In Italy, the Foundation has examined 22 elections from 1999 to 2022 to find out an average of60.64 percent participation rate. The difference is striking. Italy is known with its chronic governmental problems. Since the end of World War II in 1945, the country has had 69 governments, for an average of one every 1.11 years. Despite this, Italy has continued to function and citizens’ basic rights and freedoms have been largely secured thanks to robust institutions. The case of Turkey is the exact opposite.

To illustrate with some concrete examples: academia has been brought to heel through the end of university autonomy, the sacking –by presidential decree or because of the state of emergency declared after July 2016– of some 9ö000 professors and researchers, often of high academic standing. Secondary education is being deliberately Islamized with, for example, the introduction of creationism in the curriculum at the expense of philosophy. The authorities strongly promote Sunni-only religious instruction through the relentless multiplication of Koranic schools.

Already strongly centralized, the territorial administration is now entirely dependent on the regime with governors and deputy governors directly nominated by the president according to their loyalty. The municipal administration, under administrative control by virtue of the Constitution (Article 127), is kept in line especially in the Kurdish regions whose elected mayors were almost all systematically removed and replaced by representatives of the central administration.

The armed forces have been put under the control of elected officials in the first place, thanks to the EU candidacy requirements. Nevertheless, they ended up becoming an army at the service of the regime rather than the people.

The regime has established more than the classical state monopoly on violence. In addition to the army, the police and the gendarmerie, private militias, pro-regime Kurdish militias, foreign jihadi militias, private security companies and mafia-like groupings are at its entire disposal.  

The judiciary system has become openly partisan with the members of all high courts being nominated by the president or by the Parliament where the regime parties hold a majority. The system is unpredictable, arbitrary and serves only the interests of the regime. It is not illegal but a-legal, a situation to which the opposition is usually blind, deaf, and mute.

Public finances involve a system of prebends that serves the interests of a small circle of businesspeople close to the regime and who operate exclusively in the fields of construction, infrastructure, fossil fuel investments, and mass consumption.
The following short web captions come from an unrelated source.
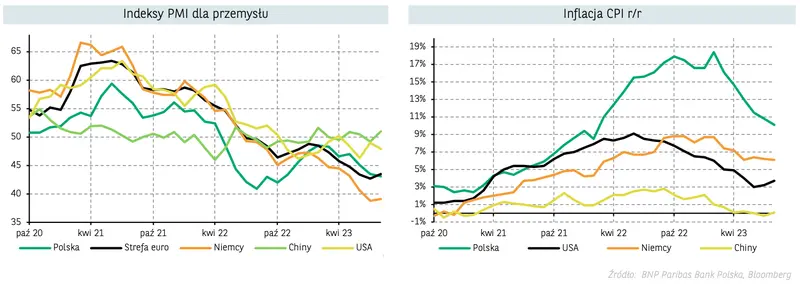 Potężne spadki walut na rynku FOREX! Kurs korony norweskiej (NOK/PLN), dolara (USD/PLN), euro (EUR/PLN), franka (CHF/PLN) oraz funta (GBP/PLN): sprawdzamy ile zapłacimy za waluty  - 3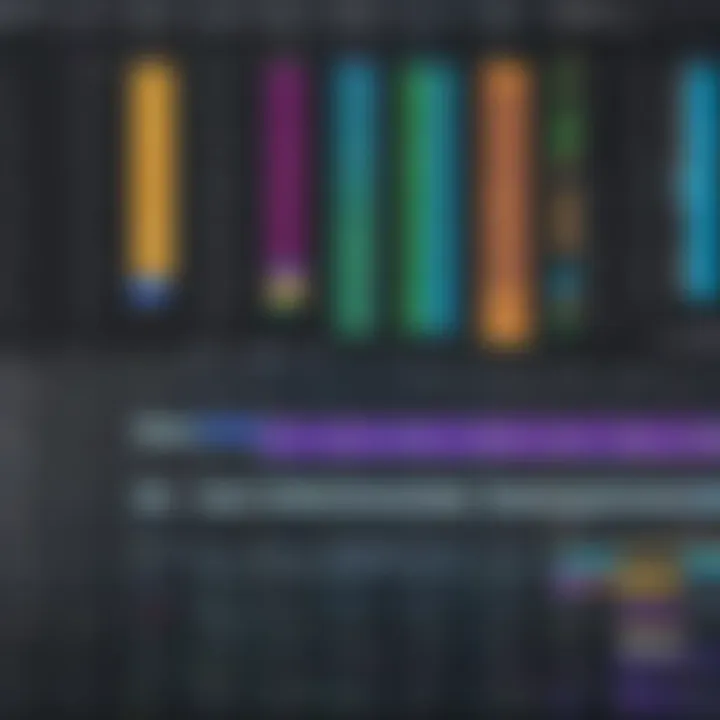 Comparative analysis chart of music recording software functionalities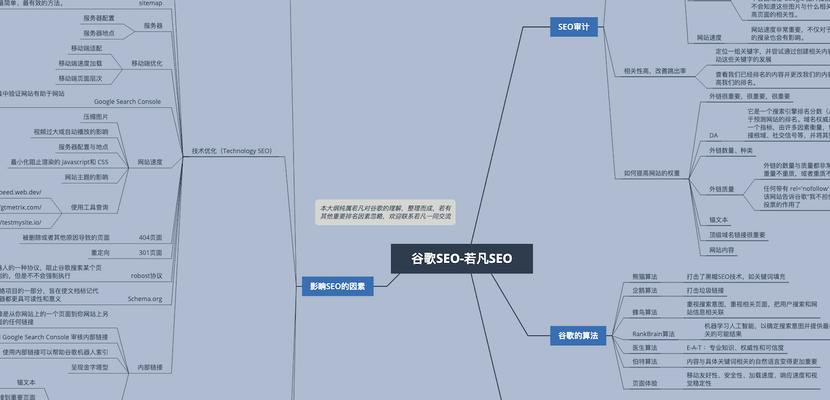 入门SEO指南（从基础概念到实战技巧）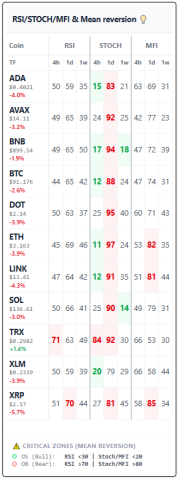 Master the Oscillator Scanner KPI for better crypto trades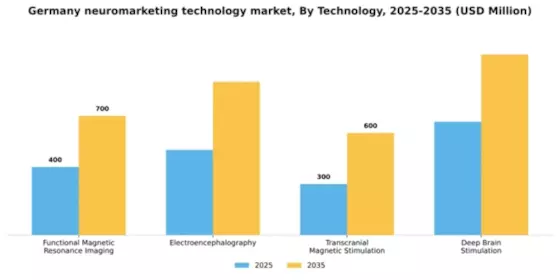 Germany Neuromarketing Technology Market Segment Image 3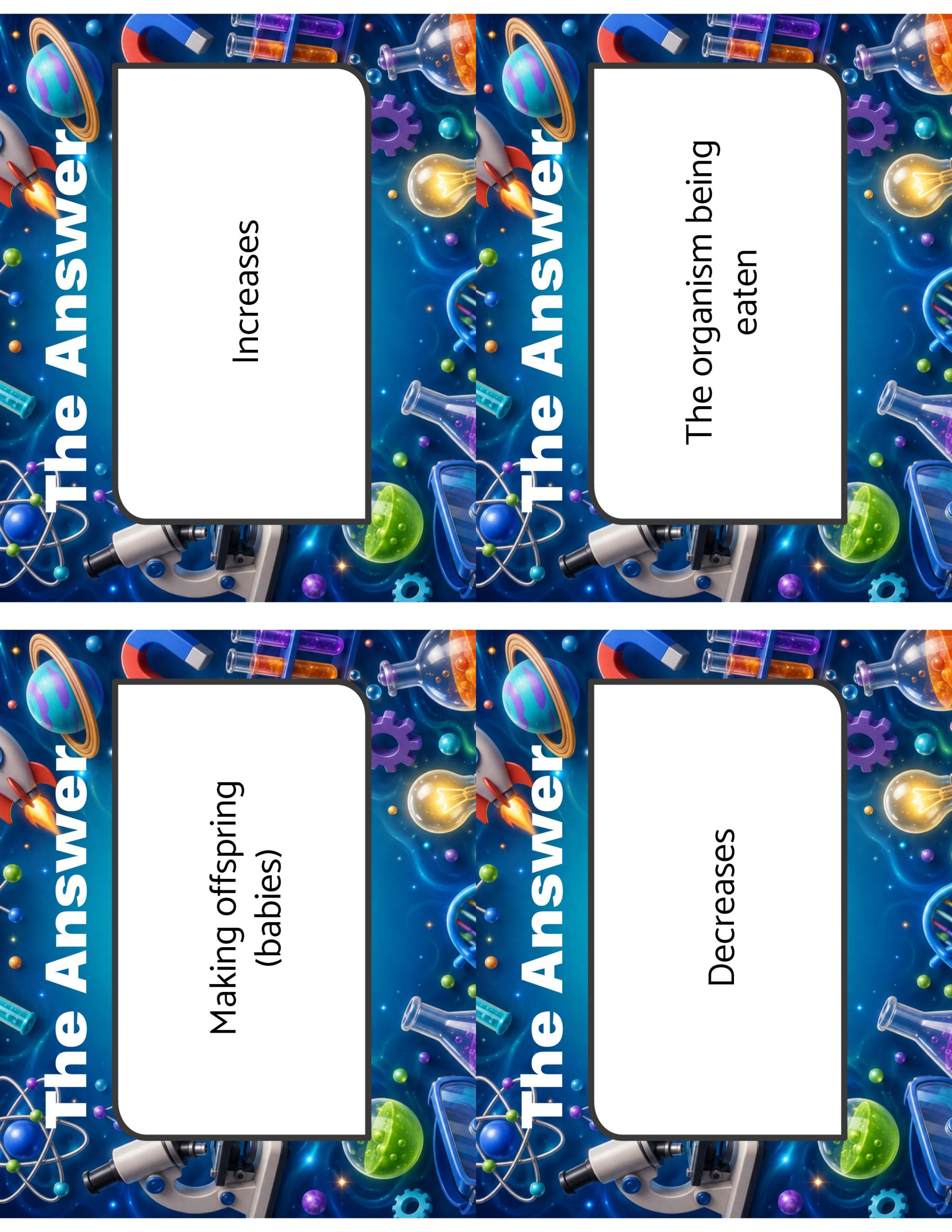 Spin the Deck – Grade 6 Amplify Science: Populations and Resources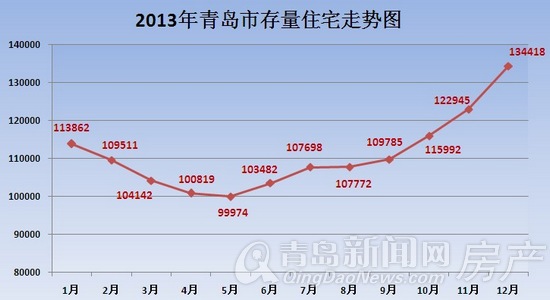 青岛,存量房,存量住宅,库存房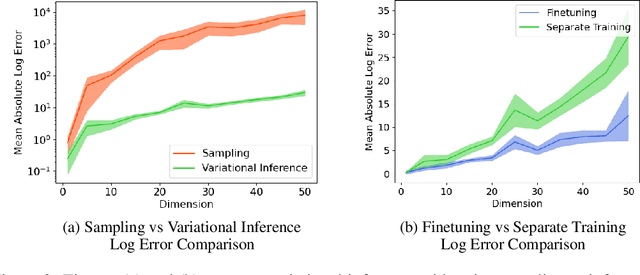 Figure 3 for High Dimensional Causal Inference with Variational Backdoor Adjustment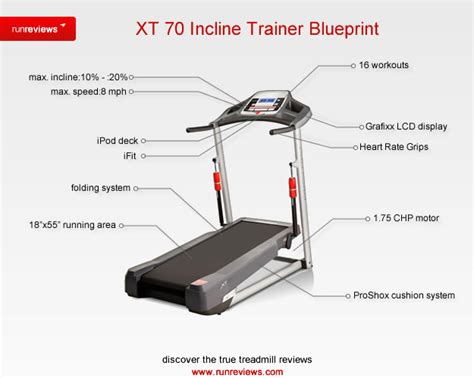 Have a second person hold the treadmill to prevent it from tipping. ProForm XT 70 Incline TrainerRun Reviews
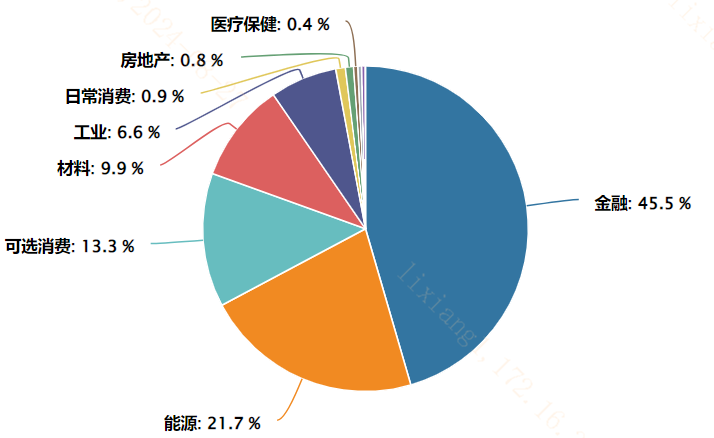 20240906 未来三年的红利都有保障啦？
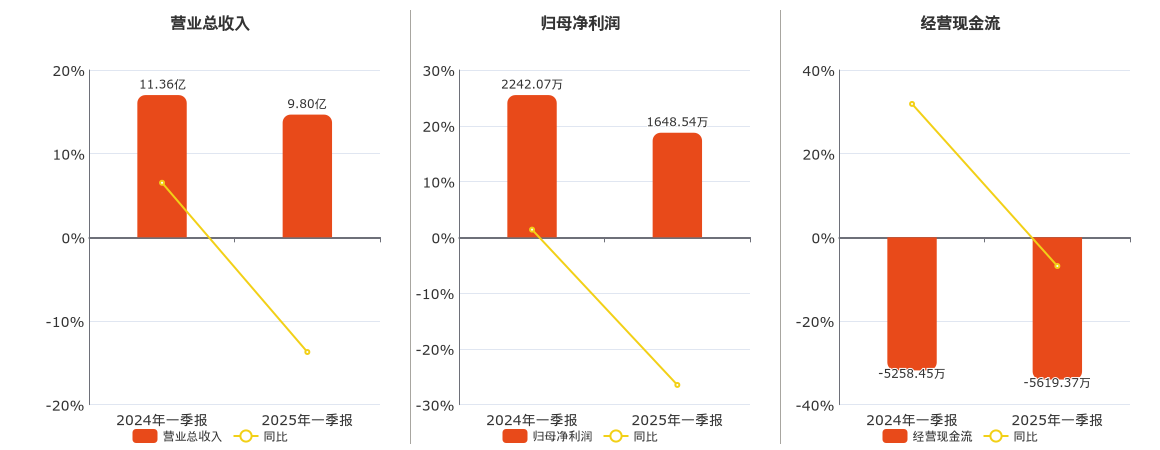 瑞泰科技(002066.SZ)：2025年一季报净利润为1648.54万元、同比较去年同期下降26.47%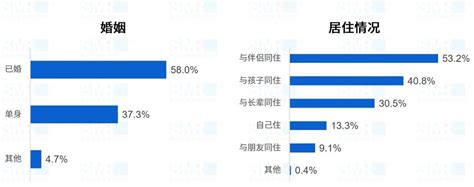 2021年中国整装卫浴市场分析报告-行业竞争格局与未来趋势研究_观研报告网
Turkey today looks like a citizens’ rights and freedoms cemetery that the citizens and the opposition think to resuscitate thanks to an electoral victory! No need for a crystal ball to guess that there is no quick fix to redress this situation by simply voting!

Abroad, Turkey appeasers have been using and abusing the Turkish appetite for elections as a proof of democratic functioning. Not only were the elections far from being immaculate for a decade, i.e. neither entirely free nor fair according to international observers, they constitute a fig leaf for those Turkey watchers to continue to label the political system sufficiently legitimate to co-exist with.

Theoretical oxymorons such as “competitive authoritarianism” only by virtue of organizing elections, which end up by electing and re-electing dictators are commonplace to describe the regimes like Ankara’s. Such an attitude provides strong legitimacy to the rulers and provides a sense of normalcy to the voters who naïvely or cynically think that they live in a democracy. 

Voting cannot be a magic wand to redress an ethical and institutional wreckage. Moreover, if it fails to get rid of a dictatorial regime it can become a cause for collective, lethal despair.     

*Prof. Cengiz Aktar is a Turkish political scientist, essayist and columnist. Presently a lecturer at the University of Athens (EKPA) he worked for the United Nations and with the European Commission. His latest book "The Turkish Malaise" was published in London.